Berbeda dengan di China dan Amerika yang oligarkinya mendorong negara-negara itu menjadi terdepan dalam ekonomi dunia dan industrialisasi, di Indonesia menurutnya hal itu belum kelihatan. Terbukti dari meningkatnya kesenjangan dan indikator-indikator lain yang menempatkan Indonesia selalu berada pada posisi bawah pada level internasional. Ia juga menjelaskan, bahwa demokrasi prosedural yang telah dicapai Indonesia, sama sekali tidak banyak dampaknya bagi kebangkitan ekonomi dan industrialisasi bagi negara ini. Istilah-istilah seperti “koalisi” yang muncul dalam porses demokrasi menurutnya adalah penghalusan dari kerja oligarki.
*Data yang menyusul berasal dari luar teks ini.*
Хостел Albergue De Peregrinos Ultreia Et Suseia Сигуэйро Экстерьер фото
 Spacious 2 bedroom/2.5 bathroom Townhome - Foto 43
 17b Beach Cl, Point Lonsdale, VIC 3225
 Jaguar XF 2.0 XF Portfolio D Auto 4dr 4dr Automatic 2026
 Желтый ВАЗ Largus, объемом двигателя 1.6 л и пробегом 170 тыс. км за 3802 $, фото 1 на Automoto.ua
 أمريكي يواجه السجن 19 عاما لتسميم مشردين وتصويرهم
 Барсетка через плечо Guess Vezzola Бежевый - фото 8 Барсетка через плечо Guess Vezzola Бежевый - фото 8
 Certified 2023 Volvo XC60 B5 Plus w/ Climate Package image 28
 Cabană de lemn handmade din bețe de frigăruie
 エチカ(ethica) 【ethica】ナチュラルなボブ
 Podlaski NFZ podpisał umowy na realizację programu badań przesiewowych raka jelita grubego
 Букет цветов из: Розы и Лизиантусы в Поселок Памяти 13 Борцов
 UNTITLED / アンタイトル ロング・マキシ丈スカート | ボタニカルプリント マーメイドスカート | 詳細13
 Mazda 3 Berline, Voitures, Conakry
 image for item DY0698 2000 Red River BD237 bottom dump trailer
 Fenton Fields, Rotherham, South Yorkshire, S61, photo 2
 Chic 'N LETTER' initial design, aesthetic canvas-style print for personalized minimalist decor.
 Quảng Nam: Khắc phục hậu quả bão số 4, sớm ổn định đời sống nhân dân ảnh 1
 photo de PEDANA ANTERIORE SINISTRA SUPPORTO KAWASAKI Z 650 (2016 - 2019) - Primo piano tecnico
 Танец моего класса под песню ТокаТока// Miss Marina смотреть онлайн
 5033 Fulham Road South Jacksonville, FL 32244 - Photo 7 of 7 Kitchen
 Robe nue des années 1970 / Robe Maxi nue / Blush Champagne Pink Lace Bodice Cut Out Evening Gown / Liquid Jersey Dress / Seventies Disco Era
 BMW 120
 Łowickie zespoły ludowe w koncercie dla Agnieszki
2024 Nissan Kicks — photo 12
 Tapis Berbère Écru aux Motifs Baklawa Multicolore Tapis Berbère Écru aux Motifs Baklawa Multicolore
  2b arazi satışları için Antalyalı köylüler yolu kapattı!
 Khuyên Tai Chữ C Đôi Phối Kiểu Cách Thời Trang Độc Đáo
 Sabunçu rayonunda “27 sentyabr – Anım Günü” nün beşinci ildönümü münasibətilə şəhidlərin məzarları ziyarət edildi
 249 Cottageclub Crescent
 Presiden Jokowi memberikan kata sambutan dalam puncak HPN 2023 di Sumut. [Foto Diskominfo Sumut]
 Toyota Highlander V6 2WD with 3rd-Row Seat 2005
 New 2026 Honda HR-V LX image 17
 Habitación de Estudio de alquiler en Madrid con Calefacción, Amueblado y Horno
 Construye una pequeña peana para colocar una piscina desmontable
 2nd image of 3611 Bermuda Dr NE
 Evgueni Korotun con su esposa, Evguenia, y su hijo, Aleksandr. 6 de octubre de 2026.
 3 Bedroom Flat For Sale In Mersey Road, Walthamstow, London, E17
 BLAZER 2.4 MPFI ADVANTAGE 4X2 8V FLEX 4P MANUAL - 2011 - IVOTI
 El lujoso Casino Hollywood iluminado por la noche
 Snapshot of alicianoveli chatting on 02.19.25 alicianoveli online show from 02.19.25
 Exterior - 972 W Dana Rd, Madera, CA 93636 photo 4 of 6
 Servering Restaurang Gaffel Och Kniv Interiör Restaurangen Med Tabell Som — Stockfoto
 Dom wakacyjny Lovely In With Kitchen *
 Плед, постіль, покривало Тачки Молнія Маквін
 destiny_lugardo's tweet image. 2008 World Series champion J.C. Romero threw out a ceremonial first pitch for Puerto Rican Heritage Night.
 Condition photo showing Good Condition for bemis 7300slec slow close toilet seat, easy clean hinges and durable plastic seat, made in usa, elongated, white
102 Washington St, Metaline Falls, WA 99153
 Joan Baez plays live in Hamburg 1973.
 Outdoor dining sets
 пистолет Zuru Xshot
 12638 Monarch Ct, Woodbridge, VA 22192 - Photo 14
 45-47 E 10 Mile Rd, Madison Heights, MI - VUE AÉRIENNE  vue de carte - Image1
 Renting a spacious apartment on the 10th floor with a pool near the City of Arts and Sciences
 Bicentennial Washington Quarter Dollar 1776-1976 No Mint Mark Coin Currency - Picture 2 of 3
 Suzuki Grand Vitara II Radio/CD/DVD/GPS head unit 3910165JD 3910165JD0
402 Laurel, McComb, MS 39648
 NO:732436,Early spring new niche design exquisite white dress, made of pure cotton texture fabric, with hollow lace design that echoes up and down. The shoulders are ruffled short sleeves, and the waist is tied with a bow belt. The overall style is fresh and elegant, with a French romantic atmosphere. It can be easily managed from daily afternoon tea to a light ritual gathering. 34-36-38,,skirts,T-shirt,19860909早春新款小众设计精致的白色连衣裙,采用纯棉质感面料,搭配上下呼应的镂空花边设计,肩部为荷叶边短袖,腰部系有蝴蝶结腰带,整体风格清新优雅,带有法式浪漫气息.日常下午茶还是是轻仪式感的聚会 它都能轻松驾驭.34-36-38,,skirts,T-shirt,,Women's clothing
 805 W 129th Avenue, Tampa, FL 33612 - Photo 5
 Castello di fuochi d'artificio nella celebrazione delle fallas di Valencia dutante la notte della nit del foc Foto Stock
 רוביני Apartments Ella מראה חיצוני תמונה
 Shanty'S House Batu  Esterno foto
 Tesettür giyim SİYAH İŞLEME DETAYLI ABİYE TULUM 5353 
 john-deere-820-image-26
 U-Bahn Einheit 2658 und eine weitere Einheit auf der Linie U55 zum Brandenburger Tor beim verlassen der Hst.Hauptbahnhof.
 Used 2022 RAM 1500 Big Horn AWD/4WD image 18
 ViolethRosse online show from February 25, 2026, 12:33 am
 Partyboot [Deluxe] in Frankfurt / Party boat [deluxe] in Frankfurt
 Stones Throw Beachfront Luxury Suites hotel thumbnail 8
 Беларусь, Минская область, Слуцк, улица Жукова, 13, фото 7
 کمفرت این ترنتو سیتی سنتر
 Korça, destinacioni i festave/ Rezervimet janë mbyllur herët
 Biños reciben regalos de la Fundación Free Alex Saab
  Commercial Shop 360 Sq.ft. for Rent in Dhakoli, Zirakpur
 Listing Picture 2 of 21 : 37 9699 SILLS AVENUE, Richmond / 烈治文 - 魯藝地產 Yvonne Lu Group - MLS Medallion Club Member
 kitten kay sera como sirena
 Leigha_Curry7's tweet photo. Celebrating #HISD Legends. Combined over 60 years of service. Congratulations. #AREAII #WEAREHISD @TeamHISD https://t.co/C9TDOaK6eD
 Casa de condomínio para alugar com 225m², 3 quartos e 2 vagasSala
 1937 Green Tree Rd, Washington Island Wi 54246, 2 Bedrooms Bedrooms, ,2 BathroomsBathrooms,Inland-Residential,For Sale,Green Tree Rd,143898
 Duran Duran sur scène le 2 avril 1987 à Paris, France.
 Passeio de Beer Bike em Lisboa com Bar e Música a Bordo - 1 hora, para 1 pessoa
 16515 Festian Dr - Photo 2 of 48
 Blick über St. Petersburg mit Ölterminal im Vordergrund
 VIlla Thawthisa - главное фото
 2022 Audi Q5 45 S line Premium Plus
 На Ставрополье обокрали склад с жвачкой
Sejauh ini, belum ada kajian yang ilmiah yang membantah pendapat profesor Winters di atas. Sehingga pendapatnya itu seakan menjadi satu-satunya pegangan dalam percakapan mengenai topik oligarki Indonesia. Padahal, Jeffrey Winters sendiri mengatakan bahwa karakter oligarki di setiap negara mempunyai perbedaan. Kita tidak cukup punya gambaran misalnya, bagaimana orang-orang kuat itu berperan dalam proses politik. Apakah positif apakah negatif?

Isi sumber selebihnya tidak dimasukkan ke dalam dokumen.